Problem requirements
Everything from the line containing "Elizabeth Anscombe's Intention" to the last line of the listing below should be restated exactly, both ends included, with nothing added and the pictures omitted.
--- START ---
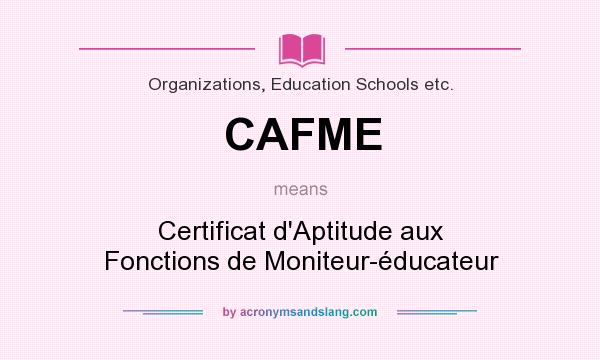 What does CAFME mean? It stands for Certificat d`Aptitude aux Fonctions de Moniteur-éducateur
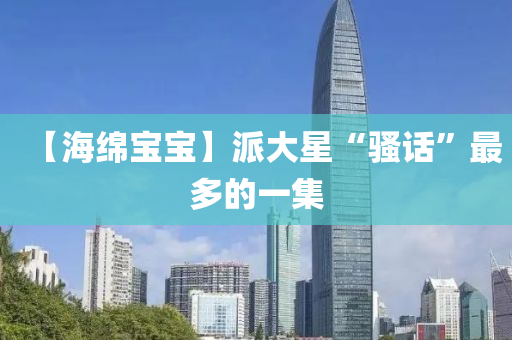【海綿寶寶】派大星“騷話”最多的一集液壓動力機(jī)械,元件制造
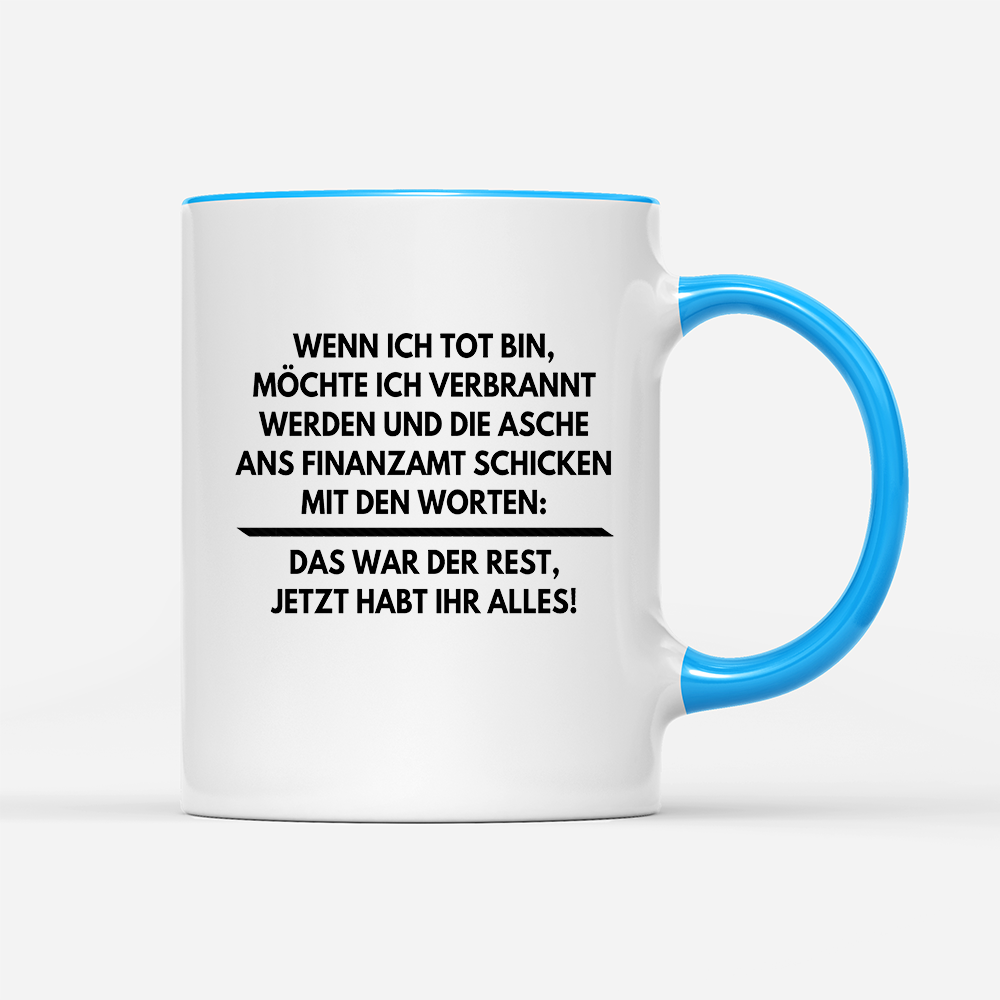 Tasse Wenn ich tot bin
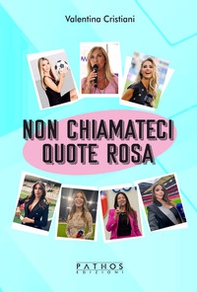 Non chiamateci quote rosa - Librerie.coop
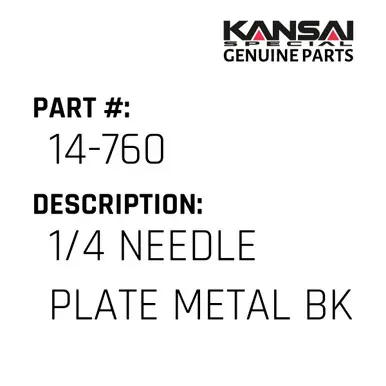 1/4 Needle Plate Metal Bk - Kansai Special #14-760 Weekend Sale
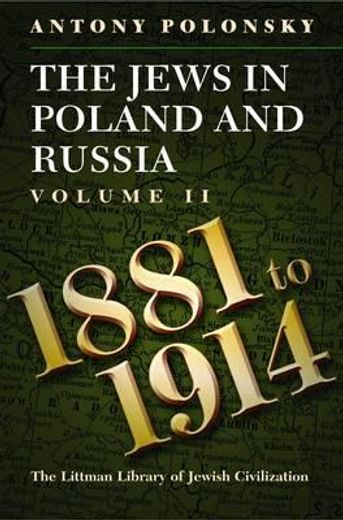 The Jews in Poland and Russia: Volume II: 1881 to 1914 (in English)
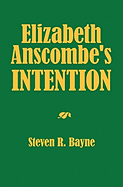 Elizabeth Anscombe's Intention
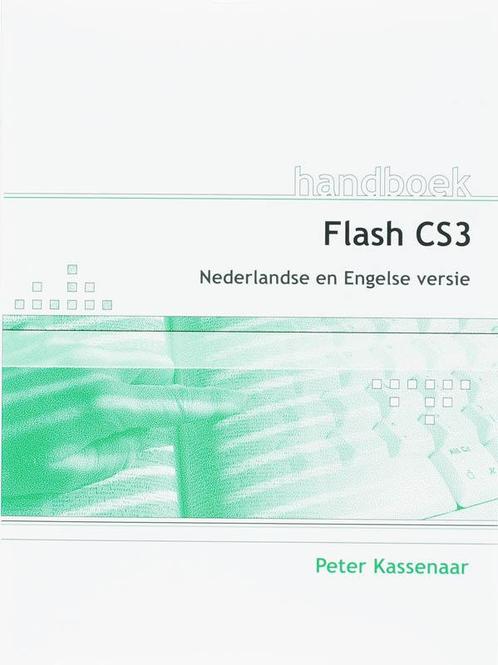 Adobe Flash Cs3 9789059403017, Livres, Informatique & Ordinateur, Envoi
--- END ---
Answer space
 Elizabeth Anscombe's Intention
 Adobe Flash Cs3 9789059403017, Livres, Informatique & Ordinateur, Envoi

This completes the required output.